**WHAT YOU HAVE TO DO:** Return the lines of the material below exactly, beginning with the line that has "Snapshot of kenluca" in it and finishing with the line that has "ハイラックスのフロントリフトアップ サービス事例 タイヤ館" in it. Leave all pictures aside.

**GIVEN DATA:**
__________________________________________________

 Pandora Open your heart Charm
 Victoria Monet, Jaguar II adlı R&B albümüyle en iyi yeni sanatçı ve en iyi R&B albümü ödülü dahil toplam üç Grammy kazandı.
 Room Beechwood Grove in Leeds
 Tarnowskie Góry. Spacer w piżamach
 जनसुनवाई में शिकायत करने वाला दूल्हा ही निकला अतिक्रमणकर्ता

__________________________________________________

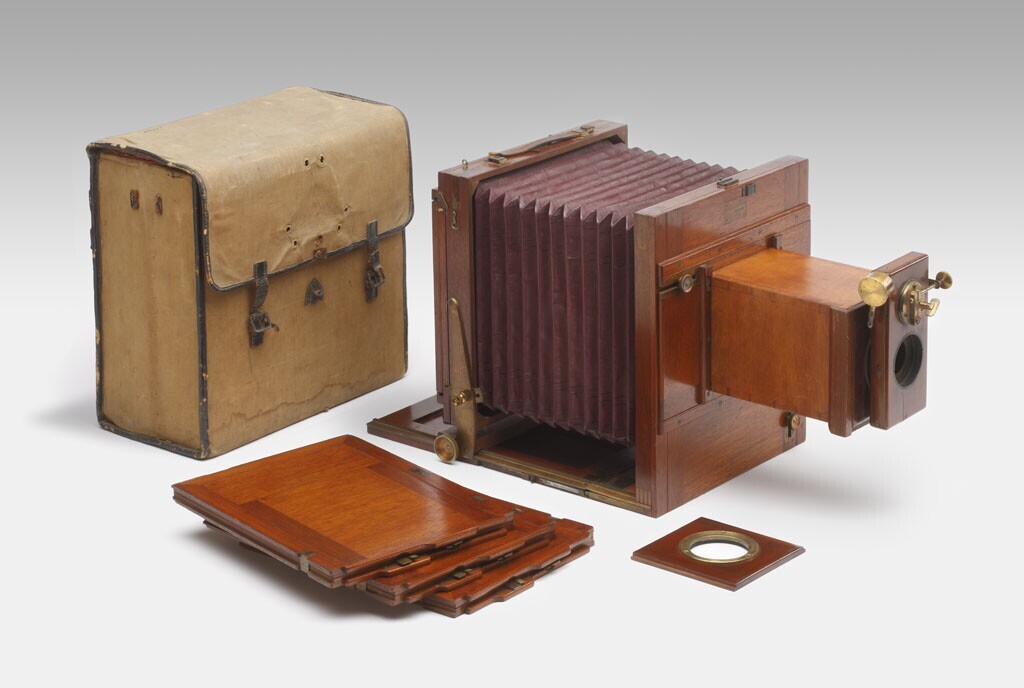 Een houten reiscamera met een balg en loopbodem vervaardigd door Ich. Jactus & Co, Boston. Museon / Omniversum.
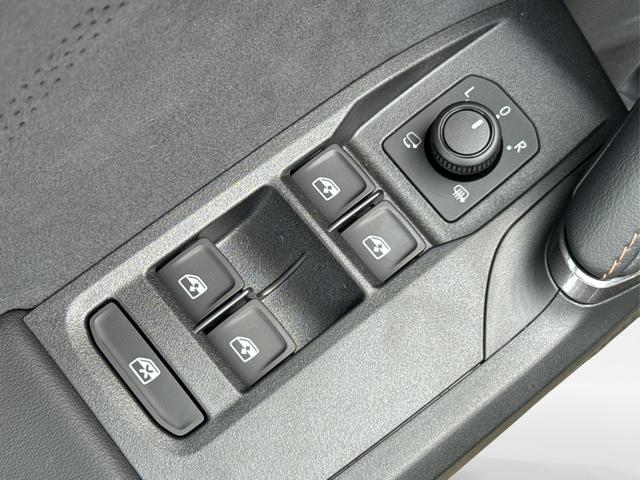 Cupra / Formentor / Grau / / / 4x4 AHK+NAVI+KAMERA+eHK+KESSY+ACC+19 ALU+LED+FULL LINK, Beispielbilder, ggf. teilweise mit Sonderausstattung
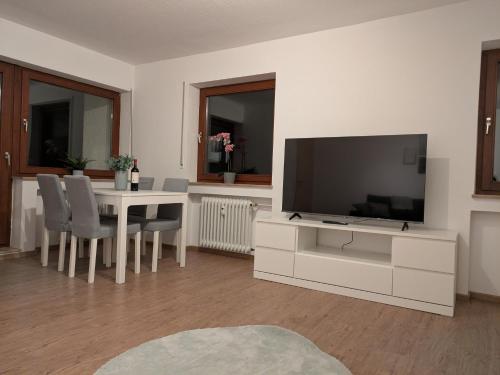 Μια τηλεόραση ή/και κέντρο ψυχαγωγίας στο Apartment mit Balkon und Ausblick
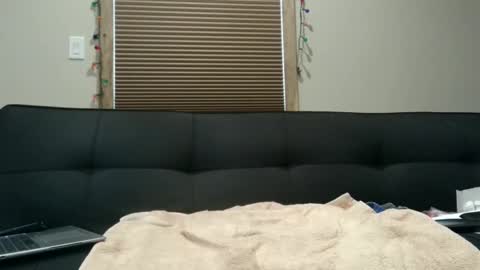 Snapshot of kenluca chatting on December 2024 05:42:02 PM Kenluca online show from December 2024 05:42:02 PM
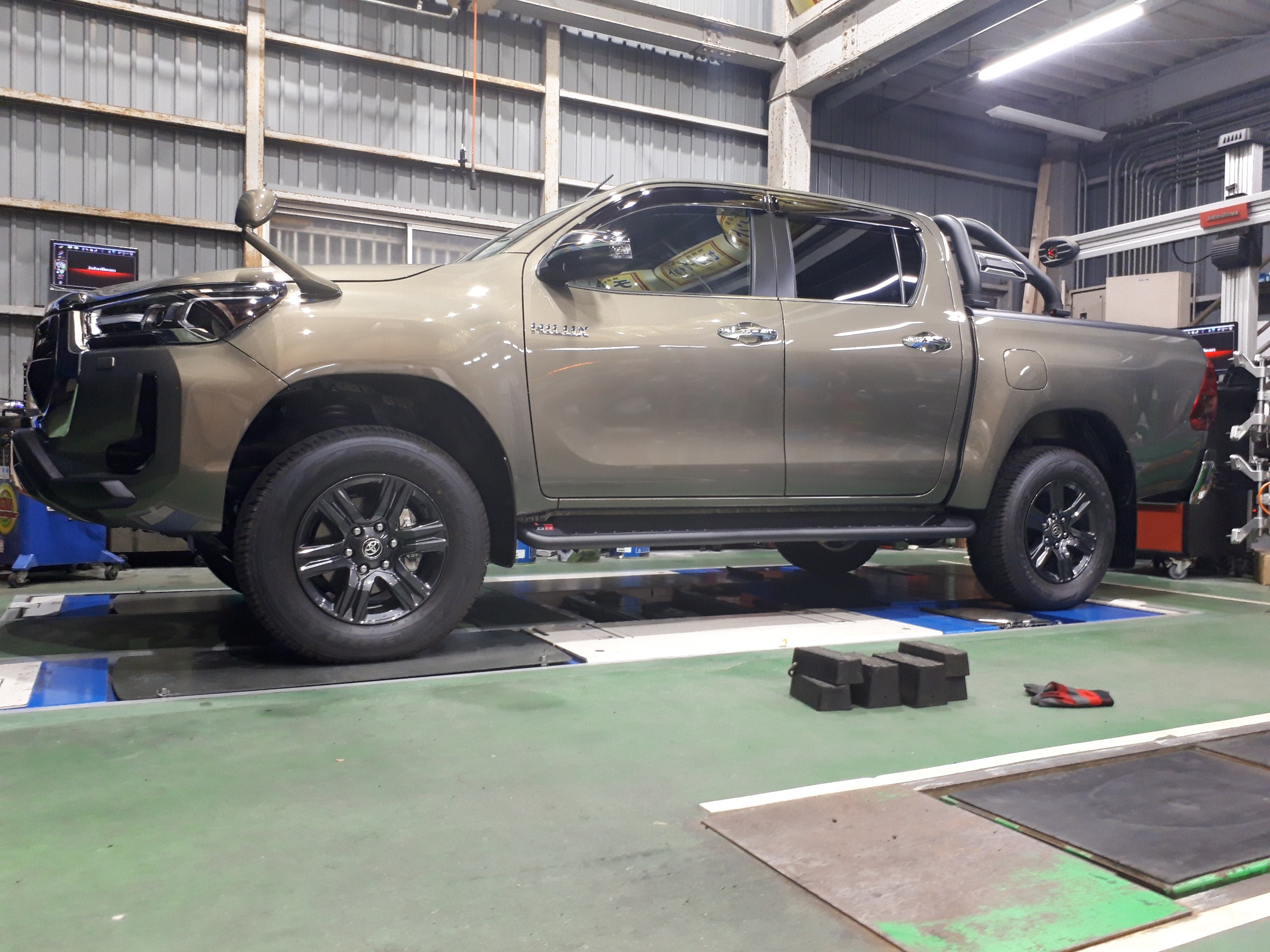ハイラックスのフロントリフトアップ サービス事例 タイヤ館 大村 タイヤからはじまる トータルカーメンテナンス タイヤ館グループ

__________________________________________________

**PROBLEM SOLUTION:**
 Snapshot of kenluca chatting on December 2024 05:42:02 PM Kenluca online show from December 2024 05:42:02 PM
ハイラックスのフロントリフトアップ サービス事例 タイヤ館 大村 タイヤからはじまる トータルカーメンテナンス タイヤ館グループ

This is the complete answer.